INPUT FOR THIS TASK:

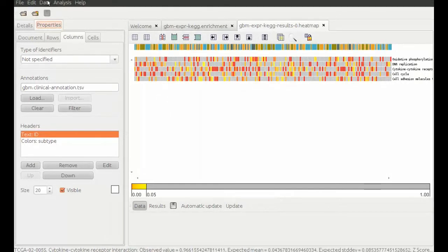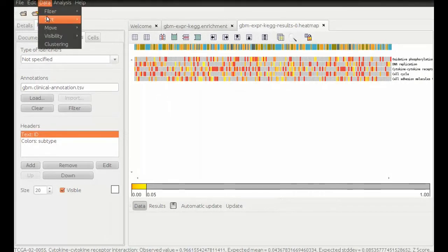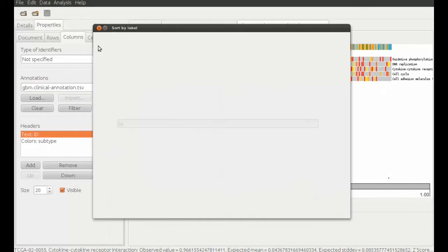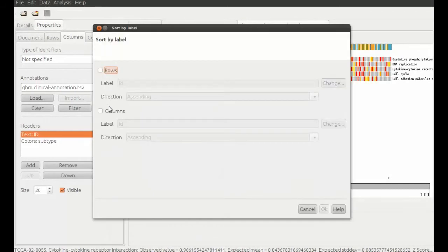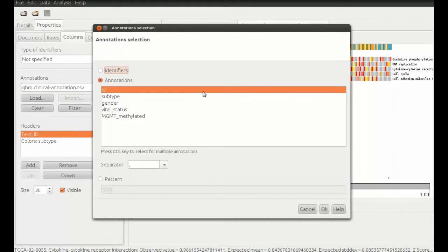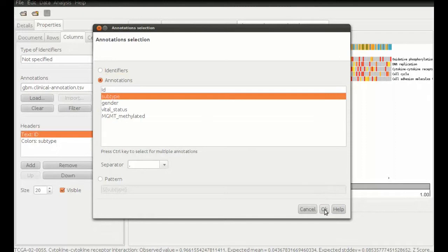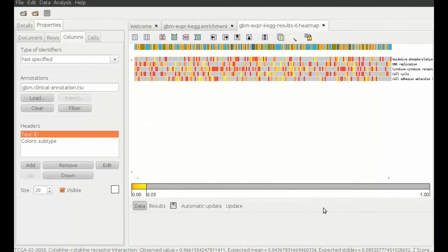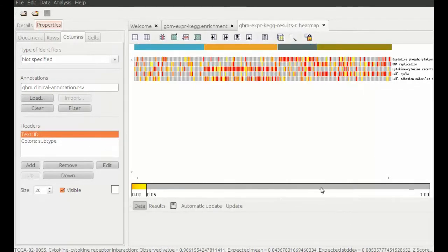Now we can sort the data according to glioblastoma subtype. Choose data, sort by label, sort columns by label, subtype. And suddenly we can see a much clearer pattern in the significance of the differentially expressed pathways.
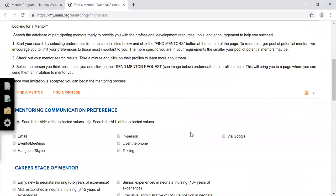Go through and fill in all the criteria you're looking for in a mentor.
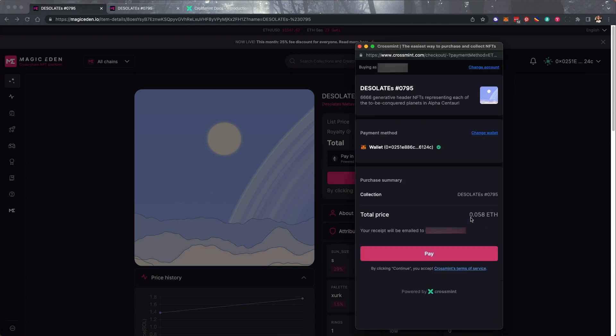This wallet should be the same wallet on which you just pre-authorized the transaction. Review the amount that you're going to pay and then click Pay.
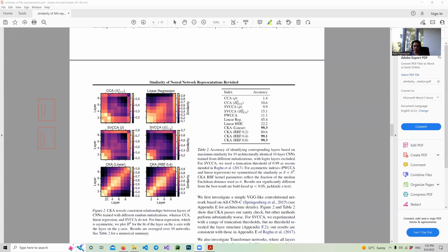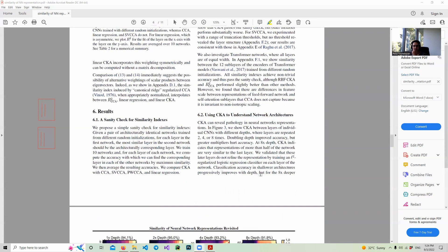For understanding which metrics are useful for comparing layers, they did a sanity check. They had two identical architectures, initialized with two different random variables, then trained on a specific dataset. They assumed that corresponding layers should show high similarity. They're showing that CKA with linear kernel and with RBF kernel both show very good similarity — exactly what was expected — while other metrics do not show the similarity we expected. They are also showing figures where comparing layer two with layer two of the second network gives something like an identity matrix, with some similarity in consecutive layers as well.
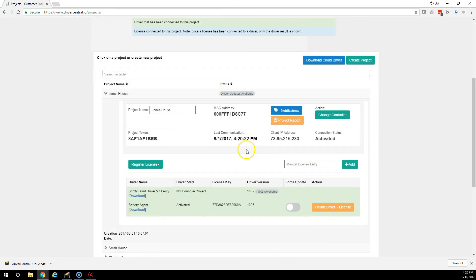And there you go. It's now reconnected. And that is how you install a license and a driver in driver central and the cloud driver.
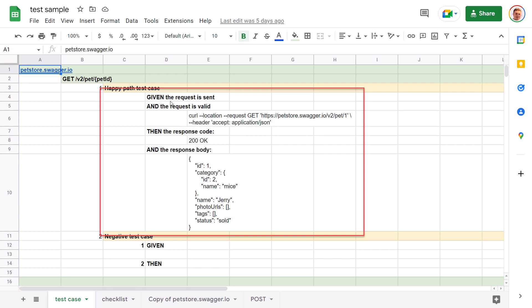After that, we will provide the URL, so it will be easy to import-export. And in the then part, we will check the response code and response body. Again, all of this can be easily copied and pasted.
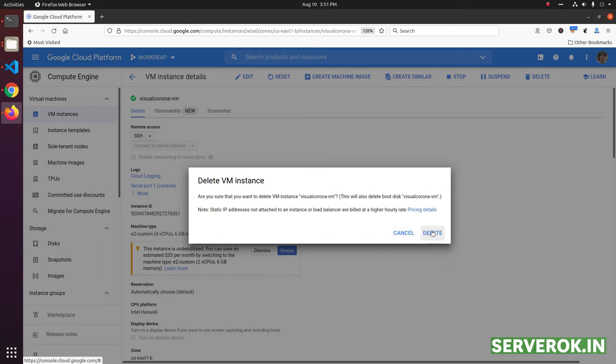Once a virtual machine is deleted, there is no way to get the data back. Make sure you are deleting the correct virtual machine, then click on delete.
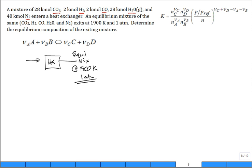If you came in with 40 kilomoles of N2, how many kilomoles of N2 do you think you'll get out? If you came in with 40 kilomoles, in the equilibrium mixture you still have 40 kilomoles. It's more of a flow problem, but it's easier to drop the 'per second' and just say it's 40 kilomoles of nitrogen in the equilibrium mixture.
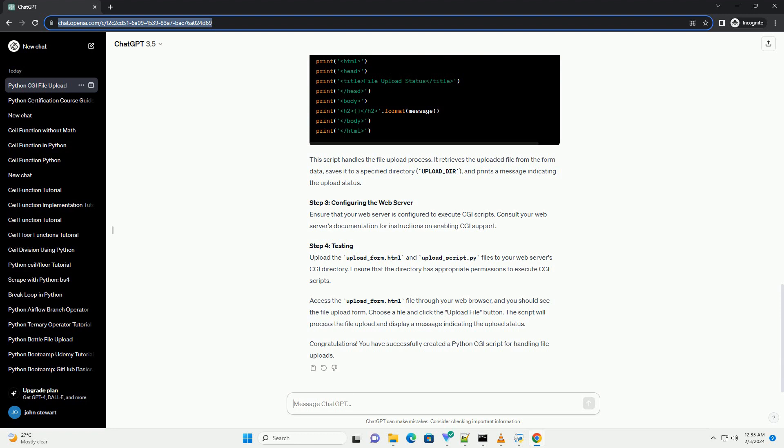Step 4: Testing. Upload the upload-form.html and upload-script.py files to your web server's CGI directory. Ensure that the directory has appropriate permissions to execute CGI scripts.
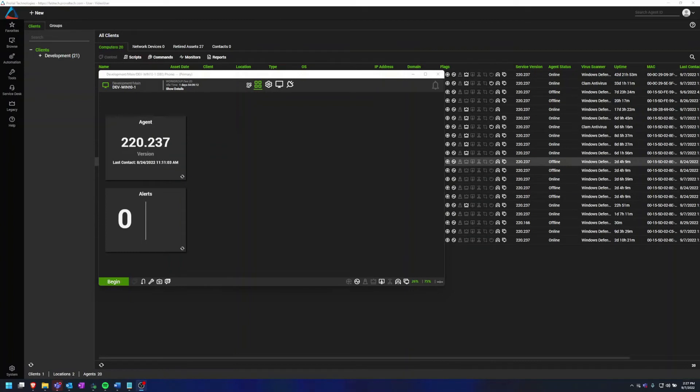Hey there, my name is Dylan Schmidt and I'm an RMM Admin at ProValTech. Today I want to go over how to organize your computer management screen.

YOUR OBJECTIVE:
All of the data should be returned word for word, with each picture left out.

YOUR SOLUTION:
Now we can sort the data according to glioblastoma subtype. Choose data, sort by label, sort columns by label, subtype. And suddenly we can see a much clearer pattern in the significance of the differentially expressed pathways.
Go through and fill in all the criteria you're looking for in a mentor.
This wallet should be the same wallet on which you just pre-authorized the transaction. Review the amount that you're going to pay and then click Pay.
For understanding which metrics are useful for comparing layers, they did a sanity check. They had two identical architectures, initialized with two different random variables, then trained on a specific dataset. They assumed that corresponding layers should show high similarity. They're showing that CKA with linear kernel and with RBF kernel both show very good similarity — exactly what was expected — while other metrics do not show the similarity we expected. They are also showing figures where comparing layer two with layer two of the second network gives something like an identity matrix, with some similarity in consecutive layers as well.
And there you go. It's now reconnected. And that is how you install a license and a driver in driver central and the cloud driver.
After that, we will provide the URL, so it will be easy to import-export. And in the then part, we will check the response code and response body. Again, all of this can be easily copied and pasted.
Once a virtual machine is deleted, there is no way to get the data back. Make sure you are deleting the correct virtual machine, then click on delete.
If you came in with 40 kilomoles of N2, how many kilomoles of N2 do you think you'll get out? If you came in with 40 kilomoles, in the equilibrium mixture you still have 40 kilomoles. It's more of a flow problem, but it's easier to drop the 'per second' and just say it's 40 kilomoles of nitrogen in the equilibrium mixture.
Step 4: Testing. Upload the upload-form.html and upload-script.py files to your web server's CGI directory. Ensure that the directory has appropriate permissions to execute CGI scripts.
Hey there, my name is Dylan Schmidt and I'm an RMM Admin at ProValTech. Today I want to go over how to organize your computer management screen.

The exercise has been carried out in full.